てれ顔のお兄さん
不意打ちには、誰しも弱いものです。年齢に関係なく、褒められたりしてタジタジになっていると可愛いですよね。
女性の使う可愛くは、意味が大きいと言われますが。そうかな、と感じます。小さくて守りたくなるものに使う、というのが一般的な定義でしょうが。仕草や使っている言葉など、動作や表情や感情の変化にまで「可愛い」が使えるので、対象の定義としては曖昧になります。
い、で終わる言葉ですし。名詞を修飾するので、形容詞なんでしょうが。なんというか、今の使われ方としては物ではなく。そう自分が思ったものに使っていますよね。
例えば本来の使い方では、「可愛い靴」=子供や人形用などの「小さな靴」という意味になりますが。
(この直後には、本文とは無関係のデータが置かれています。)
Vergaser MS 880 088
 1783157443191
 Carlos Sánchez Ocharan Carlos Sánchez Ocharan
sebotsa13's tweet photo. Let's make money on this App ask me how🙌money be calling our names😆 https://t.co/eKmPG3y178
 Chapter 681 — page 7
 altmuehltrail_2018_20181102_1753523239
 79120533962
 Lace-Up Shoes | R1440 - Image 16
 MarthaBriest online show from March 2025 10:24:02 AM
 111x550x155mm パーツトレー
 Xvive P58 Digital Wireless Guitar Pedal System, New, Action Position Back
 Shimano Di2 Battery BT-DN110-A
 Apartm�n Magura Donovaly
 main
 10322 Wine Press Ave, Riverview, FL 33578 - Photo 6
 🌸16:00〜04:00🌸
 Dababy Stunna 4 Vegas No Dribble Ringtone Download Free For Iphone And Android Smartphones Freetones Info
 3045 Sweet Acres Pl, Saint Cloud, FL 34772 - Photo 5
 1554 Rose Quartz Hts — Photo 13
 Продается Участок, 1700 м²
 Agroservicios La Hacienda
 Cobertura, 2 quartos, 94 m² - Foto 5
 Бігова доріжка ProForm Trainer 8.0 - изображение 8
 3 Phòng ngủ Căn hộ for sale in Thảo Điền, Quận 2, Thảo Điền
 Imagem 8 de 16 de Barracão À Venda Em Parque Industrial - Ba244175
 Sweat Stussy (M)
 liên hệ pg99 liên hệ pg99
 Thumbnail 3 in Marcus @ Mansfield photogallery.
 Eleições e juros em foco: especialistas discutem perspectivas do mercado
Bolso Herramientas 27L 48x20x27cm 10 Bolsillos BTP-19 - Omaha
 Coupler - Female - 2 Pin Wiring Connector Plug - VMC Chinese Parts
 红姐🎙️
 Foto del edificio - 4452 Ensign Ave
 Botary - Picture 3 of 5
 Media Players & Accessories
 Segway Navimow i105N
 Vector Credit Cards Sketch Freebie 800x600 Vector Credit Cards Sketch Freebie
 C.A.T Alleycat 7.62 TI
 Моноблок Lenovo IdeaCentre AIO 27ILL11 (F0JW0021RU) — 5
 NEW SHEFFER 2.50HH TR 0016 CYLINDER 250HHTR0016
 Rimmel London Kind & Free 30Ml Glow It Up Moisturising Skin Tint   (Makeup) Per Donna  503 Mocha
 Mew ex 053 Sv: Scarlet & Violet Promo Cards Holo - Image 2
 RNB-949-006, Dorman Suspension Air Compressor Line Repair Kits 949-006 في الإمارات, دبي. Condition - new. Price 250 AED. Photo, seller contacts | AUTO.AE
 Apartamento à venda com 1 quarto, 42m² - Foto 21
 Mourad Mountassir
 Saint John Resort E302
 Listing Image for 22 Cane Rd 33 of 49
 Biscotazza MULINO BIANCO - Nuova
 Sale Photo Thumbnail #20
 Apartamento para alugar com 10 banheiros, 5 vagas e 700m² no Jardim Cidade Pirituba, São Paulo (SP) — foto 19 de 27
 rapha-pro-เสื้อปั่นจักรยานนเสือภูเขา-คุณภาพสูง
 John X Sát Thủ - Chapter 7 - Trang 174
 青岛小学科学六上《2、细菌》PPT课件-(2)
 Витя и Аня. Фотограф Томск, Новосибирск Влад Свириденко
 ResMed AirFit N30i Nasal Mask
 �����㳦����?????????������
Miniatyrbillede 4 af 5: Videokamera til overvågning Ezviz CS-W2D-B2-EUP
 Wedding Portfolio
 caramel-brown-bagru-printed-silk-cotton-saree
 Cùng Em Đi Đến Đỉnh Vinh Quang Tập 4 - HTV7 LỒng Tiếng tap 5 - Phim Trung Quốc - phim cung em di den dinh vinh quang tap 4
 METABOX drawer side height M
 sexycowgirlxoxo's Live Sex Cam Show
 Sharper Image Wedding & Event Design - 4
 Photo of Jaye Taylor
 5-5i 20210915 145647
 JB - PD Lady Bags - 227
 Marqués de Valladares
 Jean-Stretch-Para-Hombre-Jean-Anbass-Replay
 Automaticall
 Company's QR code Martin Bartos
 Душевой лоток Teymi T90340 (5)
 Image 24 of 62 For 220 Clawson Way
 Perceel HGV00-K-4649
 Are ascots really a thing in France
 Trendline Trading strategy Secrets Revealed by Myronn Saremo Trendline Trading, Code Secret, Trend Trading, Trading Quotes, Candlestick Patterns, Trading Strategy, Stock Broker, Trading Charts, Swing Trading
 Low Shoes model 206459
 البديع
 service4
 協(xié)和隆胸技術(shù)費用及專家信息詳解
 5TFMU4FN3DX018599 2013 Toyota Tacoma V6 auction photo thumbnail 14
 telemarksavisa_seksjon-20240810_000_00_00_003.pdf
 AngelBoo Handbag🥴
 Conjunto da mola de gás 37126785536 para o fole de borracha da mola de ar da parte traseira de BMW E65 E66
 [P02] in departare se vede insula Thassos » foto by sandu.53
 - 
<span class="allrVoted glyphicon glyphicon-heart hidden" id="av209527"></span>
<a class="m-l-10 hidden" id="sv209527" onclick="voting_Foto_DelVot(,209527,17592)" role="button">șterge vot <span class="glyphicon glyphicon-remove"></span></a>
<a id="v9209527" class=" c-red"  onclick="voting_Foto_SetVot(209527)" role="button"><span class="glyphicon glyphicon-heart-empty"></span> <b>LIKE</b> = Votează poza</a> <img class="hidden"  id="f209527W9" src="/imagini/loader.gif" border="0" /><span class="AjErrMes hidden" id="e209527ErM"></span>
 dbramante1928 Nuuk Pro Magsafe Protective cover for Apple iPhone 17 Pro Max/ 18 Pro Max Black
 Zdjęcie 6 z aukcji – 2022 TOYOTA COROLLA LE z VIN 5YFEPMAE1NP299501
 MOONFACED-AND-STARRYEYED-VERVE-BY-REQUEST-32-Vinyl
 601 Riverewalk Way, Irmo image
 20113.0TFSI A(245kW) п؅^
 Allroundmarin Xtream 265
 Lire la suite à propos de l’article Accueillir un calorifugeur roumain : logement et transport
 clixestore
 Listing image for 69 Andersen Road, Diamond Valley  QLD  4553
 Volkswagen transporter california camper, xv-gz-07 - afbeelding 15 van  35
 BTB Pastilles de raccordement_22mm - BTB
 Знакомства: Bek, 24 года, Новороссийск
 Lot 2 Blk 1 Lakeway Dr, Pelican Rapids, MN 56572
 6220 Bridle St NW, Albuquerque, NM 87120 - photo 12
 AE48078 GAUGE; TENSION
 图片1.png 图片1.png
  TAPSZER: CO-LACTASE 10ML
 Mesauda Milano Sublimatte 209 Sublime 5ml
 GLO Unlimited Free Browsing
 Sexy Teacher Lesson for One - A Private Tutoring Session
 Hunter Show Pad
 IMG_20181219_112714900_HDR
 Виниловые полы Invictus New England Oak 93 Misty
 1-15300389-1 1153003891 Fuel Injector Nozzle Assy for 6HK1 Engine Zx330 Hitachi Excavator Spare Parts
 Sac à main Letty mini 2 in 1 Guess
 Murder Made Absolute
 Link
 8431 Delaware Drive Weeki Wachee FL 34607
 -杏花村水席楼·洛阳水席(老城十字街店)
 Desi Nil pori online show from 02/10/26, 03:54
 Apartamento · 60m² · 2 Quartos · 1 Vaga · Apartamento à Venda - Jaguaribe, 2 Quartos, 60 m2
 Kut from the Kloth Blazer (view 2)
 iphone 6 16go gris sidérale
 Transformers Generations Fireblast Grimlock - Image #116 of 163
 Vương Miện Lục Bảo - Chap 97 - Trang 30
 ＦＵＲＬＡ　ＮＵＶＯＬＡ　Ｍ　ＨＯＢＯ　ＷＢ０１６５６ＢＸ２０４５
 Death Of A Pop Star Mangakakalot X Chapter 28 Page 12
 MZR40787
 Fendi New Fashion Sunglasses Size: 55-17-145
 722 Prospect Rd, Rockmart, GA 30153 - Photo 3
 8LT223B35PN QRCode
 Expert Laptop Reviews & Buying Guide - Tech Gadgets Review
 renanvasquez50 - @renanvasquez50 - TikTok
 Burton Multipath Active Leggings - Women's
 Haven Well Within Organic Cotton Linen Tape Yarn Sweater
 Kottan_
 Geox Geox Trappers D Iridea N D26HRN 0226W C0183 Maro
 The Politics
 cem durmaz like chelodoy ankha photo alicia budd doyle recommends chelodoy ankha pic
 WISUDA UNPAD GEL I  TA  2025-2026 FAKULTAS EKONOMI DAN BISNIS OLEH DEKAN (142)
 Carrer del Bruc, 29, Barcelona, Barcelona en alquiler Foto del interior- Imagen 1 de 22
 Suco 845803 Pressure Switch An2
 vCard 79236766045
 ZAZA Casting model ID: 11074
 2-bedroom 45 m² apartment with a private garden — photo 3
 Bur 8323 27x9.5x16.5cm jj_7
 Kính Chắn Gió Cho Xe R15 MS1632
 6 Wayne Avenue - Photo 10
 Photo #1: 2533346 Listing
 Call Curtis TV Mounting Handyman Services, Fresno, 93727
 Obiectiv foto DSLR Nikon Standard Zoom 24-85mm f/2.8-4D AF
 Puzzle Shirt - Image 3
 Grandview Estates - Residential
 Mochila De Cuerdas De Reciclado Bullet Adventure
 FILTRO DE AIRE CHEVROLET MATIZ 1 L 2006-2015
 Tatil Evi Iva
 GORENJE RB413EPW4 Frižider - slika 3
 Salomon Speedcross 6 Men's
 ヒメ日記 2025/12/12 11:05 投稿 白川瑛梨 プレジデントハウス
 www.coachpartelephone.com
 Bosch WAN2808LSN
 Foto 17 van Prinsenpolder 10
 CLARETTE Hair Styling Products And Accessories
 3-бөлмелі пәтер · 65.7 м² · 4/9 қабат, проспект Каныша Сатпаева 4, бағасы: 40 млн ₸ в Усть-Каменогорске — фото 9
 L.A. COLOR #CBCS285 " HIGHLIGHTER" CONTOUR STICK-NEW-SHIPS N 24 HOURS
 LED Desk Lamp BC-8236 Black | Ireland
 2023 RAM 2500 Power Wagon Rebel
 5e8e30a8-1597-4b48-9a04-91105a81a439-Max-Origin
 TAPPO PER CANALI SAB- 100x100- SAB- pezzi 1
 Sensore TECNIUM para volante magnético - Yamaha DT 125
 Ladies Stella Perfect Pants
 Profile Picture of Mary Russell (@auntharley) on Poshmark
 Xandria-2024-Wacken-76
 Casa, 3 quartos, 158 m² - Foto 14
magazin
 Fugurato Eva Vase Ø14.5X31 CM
皆さんが耳にしたら、色合いやデザインが相手にとって可愛い要素があるのかな。と考えると思うのです。
言葉は慣用例、つまり、その人がどんな使い方をしてきたかの蓄積で。最初に思い浮かべる意味合いが変わります。夏目漱石が可愛いと使っていたら、小さいって意味合いでしょうが。今の人が使っていたら、小さいって意味は候補にも出てこない気がします。
私は言葉が変遷していくのを見るのが好きです。それこそ大正時代の本などを読むと、言葉の残滓といいますか。余韻を感じます。中には使われなくなって、調べないと分からない単語も多いですが。空間に響いた音のように。直接的でなくても、言葉のもつ意味合いを感じ取ることが出来ます。
この途切れてない感じが歴史や美術でもあって、だから神話を調べるのが好きなんです。